By Brett Warnke
Clarence Darrow “American
iconoclast” by Andrew E. Kersten
In
the so-called Gilded Age men like Vanderbilt and Rockefeller and Morgan did not
just wield power, they set policy.
George Pullman refused to discuss terms with the unions in his boxcar
factories and when confronted with a roll of demands (an eight-hour work day,
no child labor, freedom to purchase goods independent of the company, etc.) one
corporate leader “referred the list to the dustbin.” Lincoln Steffens referred to these demi-gods
of capitalism as “plutogogues.” Their
most mellifluous adversary and the working man’s fiercest advocate was Clarence
Darrow, “Labor’s lawyer.”
In
“Clarence Darrow: American Iconoclast”
Andrew Kersten has produced a concise and engaging history of Darrow and his
times. If Kersten’s book is sometimes
repetitious and clunky it succeeds in contextualizing Darrow’s era and remains
a pithy alternative to the lyricism and narrative of Irving Stone’s 500-page
biography.
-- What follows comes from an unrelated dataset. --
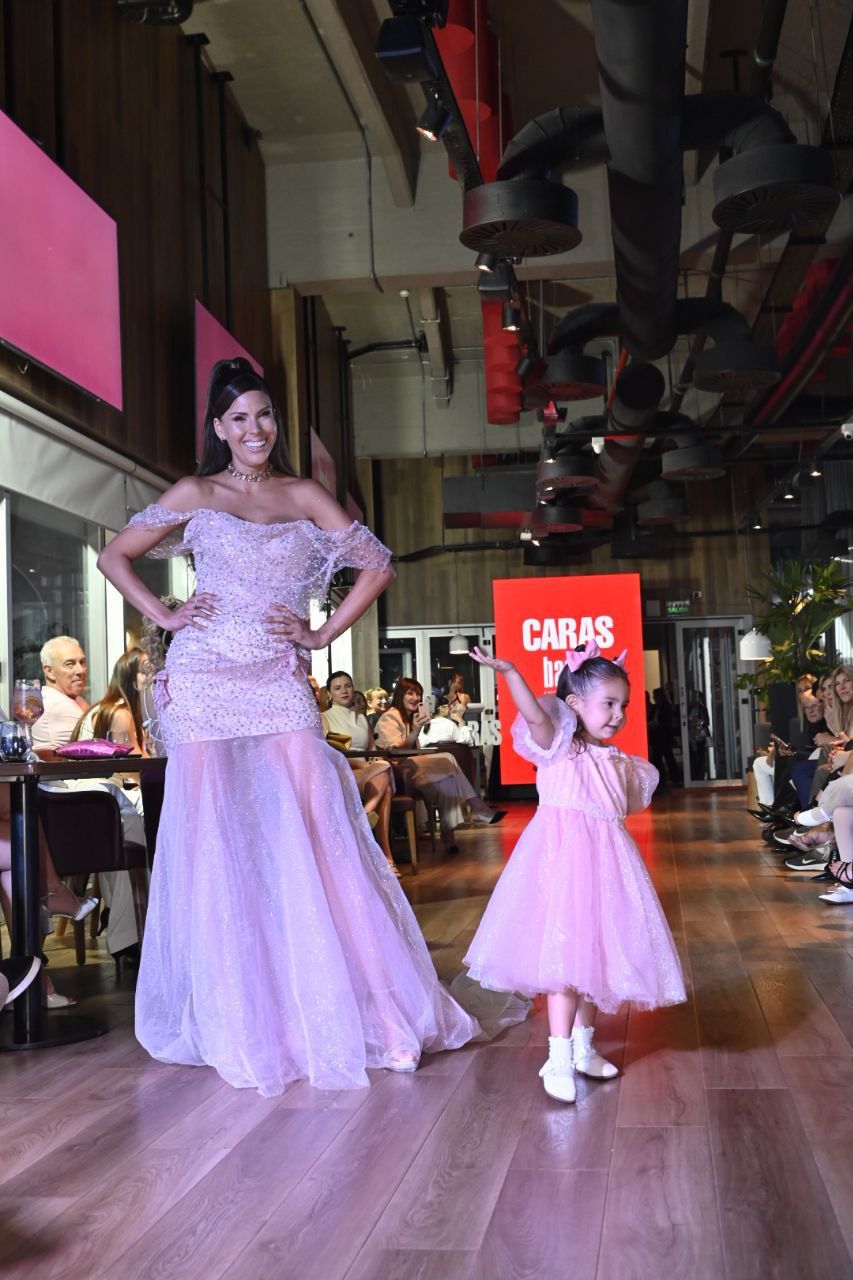 Sarah Burlando y Barby Franco gala revista CARAS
Kersten writes that in the
middle of Darrow’s life the old lion “had finally become a public intellectual,
an opinion maker and at times a cynic, who loved to engage and enrage the
American public while singling out the foes of liberty and freedom for ridicule
and advocating tolerance as well as those ideas that might advance
civilization.”
Darrow,
an Ohio lawyer, was the skeptic—the humanist—who defended Leopold and Loeb and challenged
the strutting fundamentalist William Jennings Bryan at the Snopes “Monkey
Trial.” Yet Darrow’s true ambition was
thinking and demanding that task of others.
His progressive and contrarian mission produced
disappointment—bootlickers of the establishment were repeatedly elected and men
like Jay Gould (who famously said he could “hire one half of the working class
to kill the other half,”) grew in power and stature. Kersten’s strength is sketching the age
Darrow occupied and illustrating its antagonisms. His Darrow, whether New Deal skeptic, women’s
suffrage opponent, or naïve World War I cheerleader, was human. But at least he was for humanity.